While Dave and Nick grapple with the vital task of figuring out who'll put the phone down first on their next love-call, in London councils are grappling with the first direct consequence of the newly declared War On The Poor, who appear to have caused the credit crunch all by themselves. Naughty old poor. Alex has already covered the potential political consequences, what of the geographical ones?
Basically the situation is this: In London there are a number of long-term Conservative one-party states, notably the Royal Borough of Kensington and Chelsea and the City of Westminster, to which we can probably add Wandsworth and, increasingly, the laughable 'flagship' Propaganda Borough of Hammersmith and Fulham. They have, unsurprisingly, a certain amount of social housing, inherited from the time when London actually did social housing, some of which is grotty 60s/70s concrete but quite a lot of which is decent, solid stuff like the Queen Caroline Estate. Likewise not entirely surprisingly this social housing sits on some very handsome and valuable real estate, in places like Notting Hill, Fulham as well as the Hammersmith riverside, and could thus, if suitably monetized, be expected to make a substantial contribution to the fiction that running a low council tax in a mainly wealthy area with high business rate income and relatively little demand for services indicates the moral ascendency of Conservative one-party states.
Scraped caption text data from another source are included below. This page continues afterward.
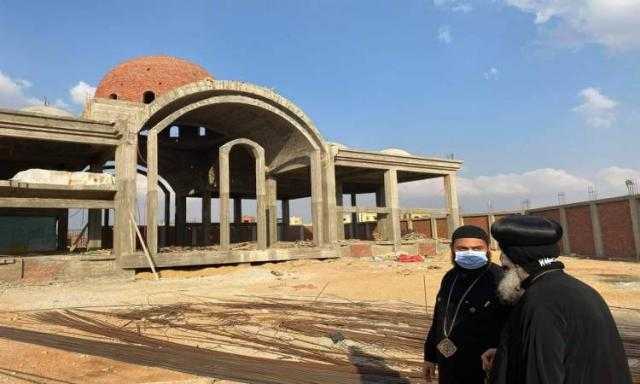 الأنبا مقار يتابع الإنشاءات بكنائس مدينة العاشر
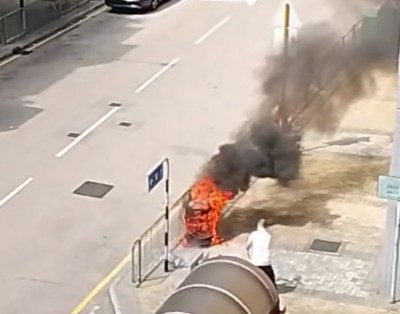 大角咀街头垃圾桶突发火灾，白衣男子持灭火器扑救未果，消防到场喷水熄灭-硕谷新闻聚合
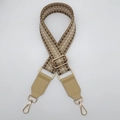 Détail d'une bandoulière tissée géométrique avec extrémités en cuir et clips dorés - Crochet or clair / Kaki Foncé + Cuir Kaki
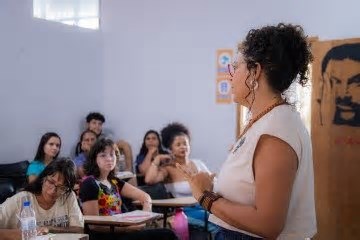 Oficinas gratuitas capacitam jovens do DF para o mercado cultural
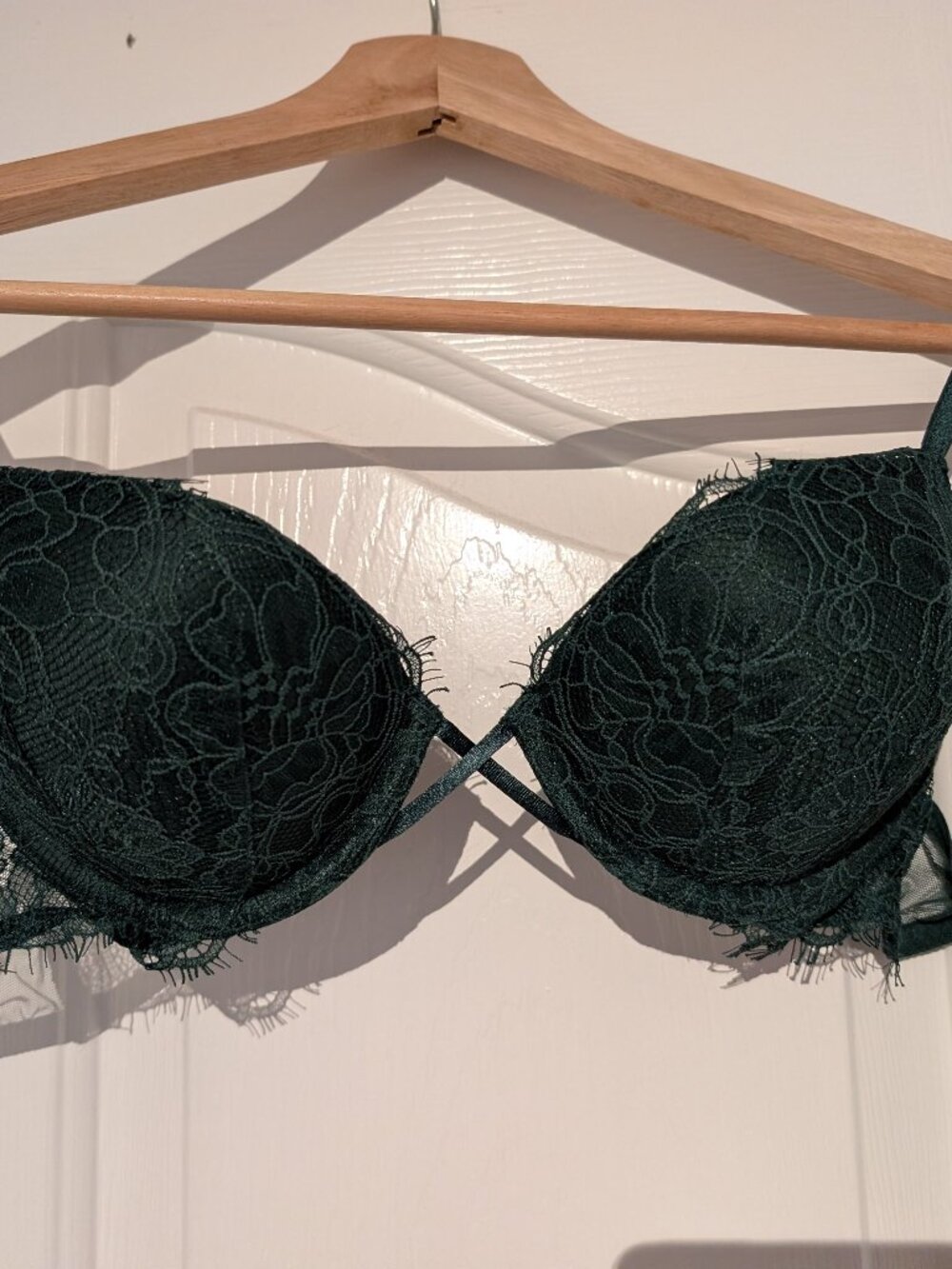 BNWT Victoria's Secret Green Push Up Bra (32B)
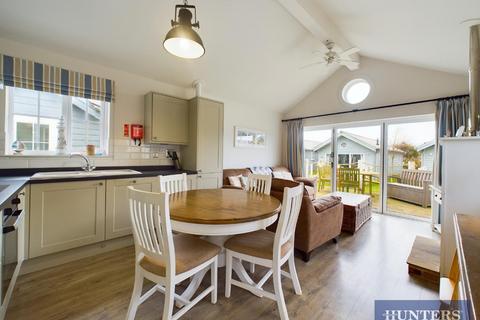 2 bedroom lodge for sale, Calvert Croft, Filey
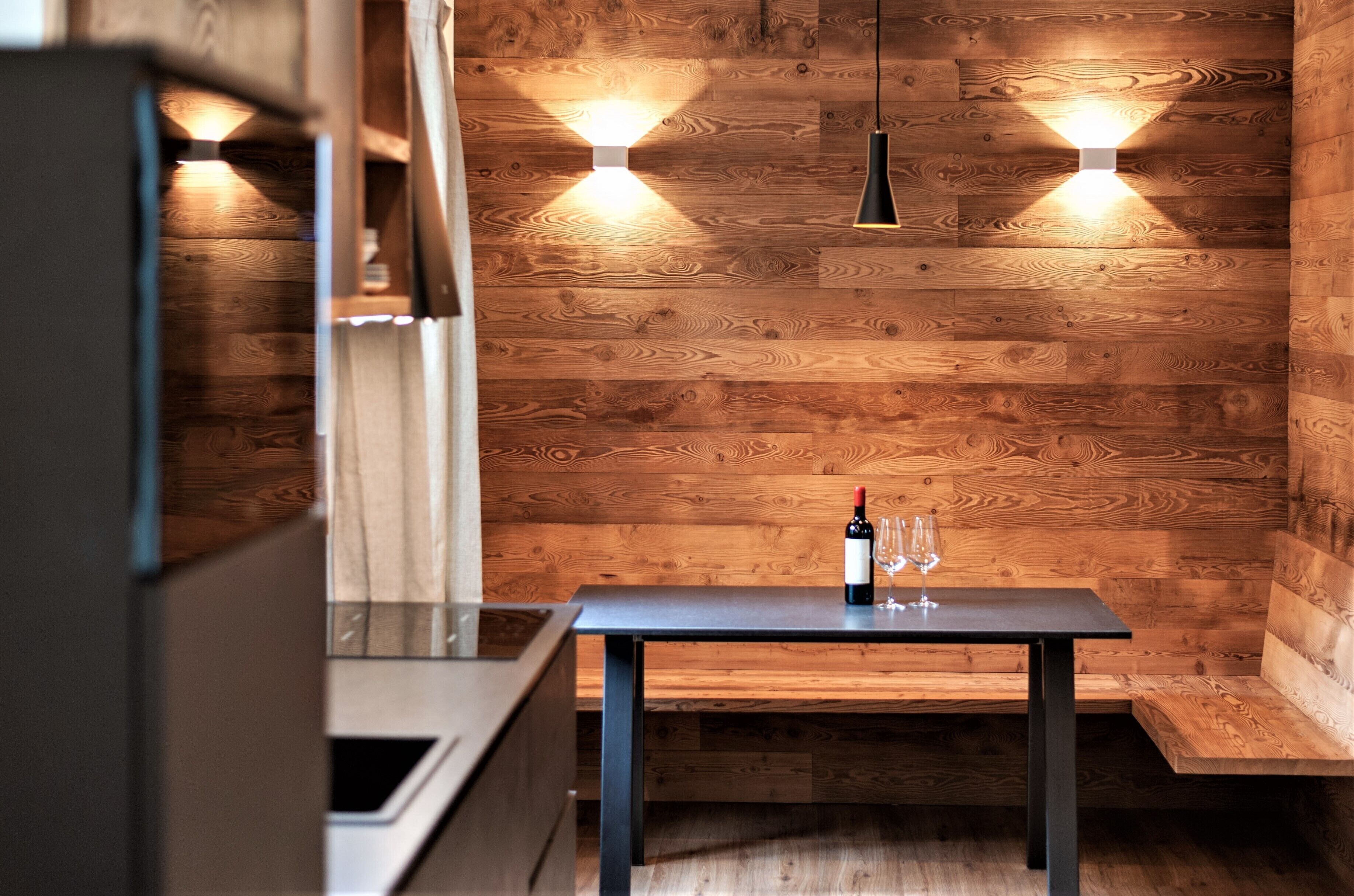 design apartment, 1 bedroom | living area | 40-inch flat-screen tv with cable channels, tv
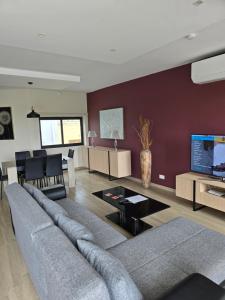TV a/nebo společenská místnost v ubytování Trilogy Penthouse, Holiday Home, Gozo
It's a win/win/win - lose the poor, gain the land, pocket the income, or at least what is left over after paying as little as you can get away with for B&Bs in Hastings or Slough. It's interesting to go back to as long ago as 2009 where this sort of thing was coming out:
Under the plans, new homes will be built to attract residents with higher incomes and areas that have traditionally voted Labour will be broken up as more than 3,500 flats and houses are demolished. Council leader Stephen Greenhalgh, who also heads Mr Cameron's Conservative Councils Innovation Unit, believes council housing is "warehousing poverty" and entrenches welfare dependency.
Mr Greenhalgh denied he plans to ship low income residents out to other areas of London, but tenants and leaseholders fear they will be left with nowhere to go once their homes are demolished and fewer replacements built.
Another non-surprise, therefore, comes with the cosy relationship enjoyed by local government and the property industry, despite Boris Johnson's numerous protestations about changing the planning laws to favour family homes over high rises and small local shops over superstores. When the bullshit stops walking and the money talks, the conversation invariably seems to involve Conservative local government types and property developers drawing up huge schemes that involve the transfer of public land in one direction and cash in the other. Having the former leader of Westminster as Boris's Chief of Staff to whom planning decisions tend to get devolved is, in this context, something of a masterstroke for the property interest, as a blind eye and a plausibly spun cover story can be virtually assured. Indeed, the Earl's Court exhibition centre freehold is even *owned by Transport for London*, which is virtually certain to come in handy at some point. Under Labour there was a final central line of defence in the form of John Denham, who developed quite a reputation for doing Boris's job for him and canning inappropriate developments. Under the Coalition we have Eric Pickles, who can be expected not to raise a finger - in fact I strongly suspect that this power might well be given up in the forthcoming Localism Bill under the guise of 'freeing the councils', who will then gratefully flog everything off. It's already happening - in Hammersrnith there's a sizeable opposition to the redevelopment of council land around the Town Hall (including the registry office where we registered my son's birth), which for no apparent reason now appears to involve 14 storey blocks. Other talk has been of turning the area into a sea of exhibition centres and hotels, presumably once the remaining proletariat have been convinced to make themselves scarce.
It's against this backdrop, therefore, that the clouds of spin around the 'supercouncil' formed by combining the services of H&F, K&C and Westminster should be seen. Numerous lucrative development sites dot the area, not least the aforementioned Earls Court exhibition centre, along with the estates north of Shepherd's Bush which are already being masterplanned in such a way as to remove a large amount of social housing and privatise the rest. The joy of having the services combined is that it essentially extends the one party state into areas of Hammersmith that might conceivably vote Labour - even if the borough does swing back (which demographically is unlikely - the ruling Tories lost two seats in May but are still well in charge) there's unlikely to be much a new administration can do when outvoted two to one by solid Tory councils. A large area of London that basically thinks and works the same way with regard to existing social housing and has effective control of the Mayor's blue pencil is obviously useful for developers.
Indeed, it's this latter point that shows up the superficially attractive prospect of sharing services as a substantial democratic attack - if a council is not actually in charge of what it charges council tax for, the legitimacy of charging council tax is reduced, as is its freedom to make its own decisions. It's here that Nick Clegg's principled rhetoric about freeing councils up rather loses the battle of ideas with reality - what's actually happening is that a small set of metropolitan councillors with an effectively permanent powerbase and their property industry mates are rigging things up at Whitehall to make themselves a bundle of cash while simultaneously making their powerbase even more secure and no amount of pious Lib Dem waffle about tax increment funding is likely to persuade them that the planning system exists for the benefit of the people as well as the property men.